At first, the kids’ behavior is indistinguishable from regular obnoxious kid behavior–they make fun of fat people, pick on unpopular kids in dodgeball. Xander tortures Willow for having a crush on him, and sniffs Buffy’s hair. Then they get to the weirder stuff, like eating the school pig (poor Herbert!) and walking around in black clothes to ominous 90s pop-rock. 

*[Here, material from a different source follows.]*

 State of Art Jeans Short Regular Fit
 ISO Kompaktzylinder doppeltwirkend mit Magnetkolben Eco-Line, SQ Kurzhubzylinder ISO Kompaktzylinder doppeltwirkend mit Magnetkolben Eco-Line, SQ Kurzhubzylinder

Thanks to a convenient coincidence (Giles saying that boys “prey on the weak,” just like the zookeeper said about the hyenas) and even more convenient spidey sense, Buffy figures out that Xander and co. have been possessed by hyenas. That’s all it took? I guess she really is as smart as Dr. Gregory thought. Giles does some research, and finds out that a fictional African sect of animal worshippers called “primals” like to draw the spirits of predatory animals into themselves. (Yes, this is all fairly racist.) The possession eventually causes death–somehow, so Buffy goes to find Xander so they can cure him. When she finds him, he tries to rape her, and she knocks him out. Meanwhile, the other four are called to Principal Flutie’s office, and they eat him (!). 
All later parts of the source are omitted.